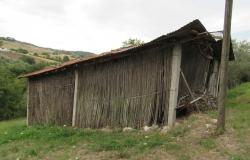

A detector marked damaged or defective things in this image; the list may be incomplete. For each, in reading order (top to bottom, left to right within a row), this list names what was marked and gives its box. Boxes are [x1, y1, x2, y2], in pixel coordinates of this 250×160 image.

rusty roof sheet [19, 19, 219, 78]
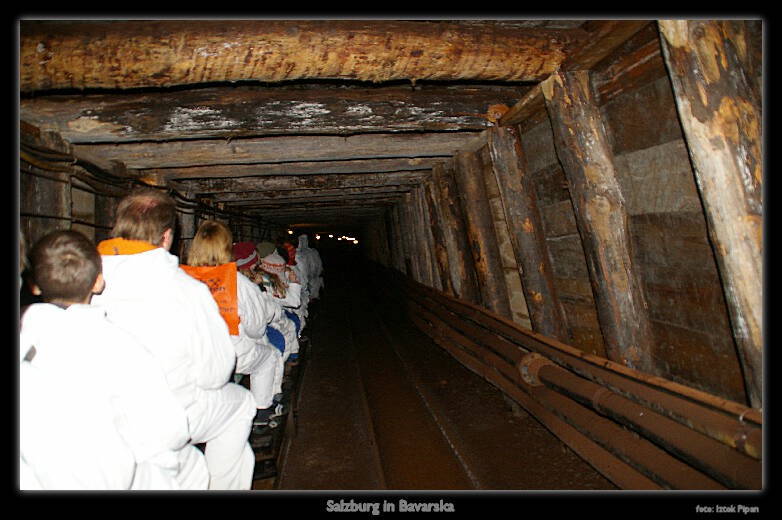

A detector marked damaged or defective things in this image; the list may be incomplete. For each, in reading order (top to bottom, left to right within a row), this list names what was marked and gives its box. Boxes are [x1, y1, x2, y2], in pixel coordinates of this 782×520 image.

rusty metal rail [376, 266, 764, 490]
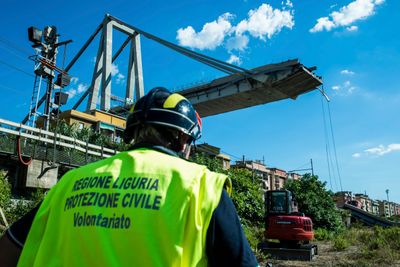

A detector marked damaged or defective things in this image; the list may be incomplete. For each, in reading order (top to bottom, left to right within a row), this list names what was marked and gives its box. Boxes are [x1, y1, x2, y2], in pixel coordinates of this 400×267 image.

damaged bridge section [180, 59, 324, 118]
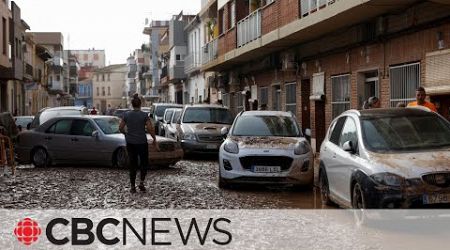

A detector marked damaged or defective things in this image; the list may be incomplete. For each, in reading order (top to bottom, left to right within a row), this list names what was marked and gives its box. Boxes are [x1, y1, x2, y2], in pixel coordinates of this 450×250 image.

damaged car [218, 110, 312, 188]
damaged car [318, 108, 450, 208]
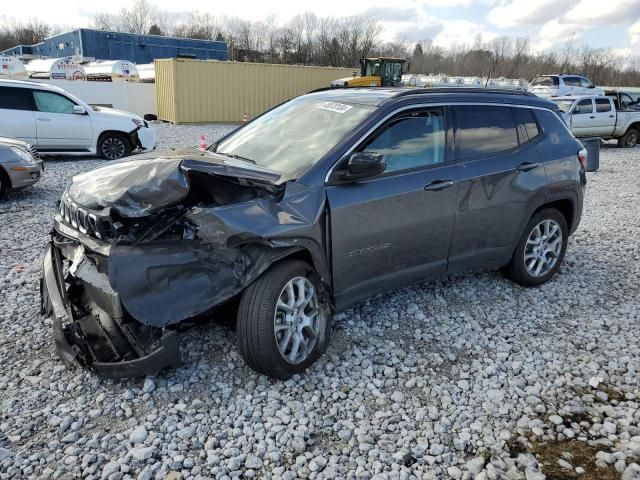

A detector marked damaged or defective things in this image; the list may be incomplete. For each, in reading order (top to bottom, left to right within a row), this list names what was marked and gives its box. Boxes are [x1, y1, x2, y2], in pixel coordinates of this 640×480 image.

crumpled hood [67, 154, 282, 218]
damaged jeep compass [41, 86, 584, 378]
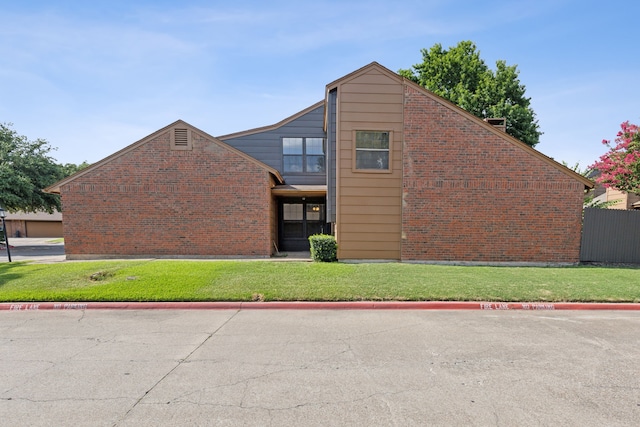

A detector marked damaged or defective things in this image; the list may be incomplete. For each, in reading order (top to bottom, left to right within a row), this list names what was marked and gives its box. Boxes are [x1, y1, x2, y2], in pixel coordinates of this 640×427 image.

crack in pavement [111, 310, 241, 427]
· · · · ·
■ **Prompt**
What is needed is an exact restatement of the lines from the line with "this 450×250 image." through the final line of the data, pictures excluded.

■ **Response to this exercise**
A detector marked damaged or defective things in this image; the list may be incomplete. For each, in reading order (top to bottom, left to right within a row), this list names what was marked and gives its box. Boxes are [x1, y1, x2, y2], in pixel coordinates of this 450×250 image.

damaged car [218, 110, 312, 188]
damaged car [318, 108, 450, 208]

A detector marked damaged or defective things in this image; the list may be incomplete. For each, in reading order (top to bottom, left to right within a row), this list names what was marked and gives its box. Boxes are [x1, y1, x2, y2], in pixel coordinates of this 640×480 image.

crumpled hood [67, 154, 282, 218]
damaged jeep compass [41, 86, 584, 378]

A detector marked damaged or defective things in this image; the list may be incomplete. For each, in reading order (top to bottom, left to right within a row), this list names what was marked and gives its box. Boxes are [x1, y1, x2, y2], in pixel coordinates of this 640×427 image.

crack in pavement [111, 310, 241, 427]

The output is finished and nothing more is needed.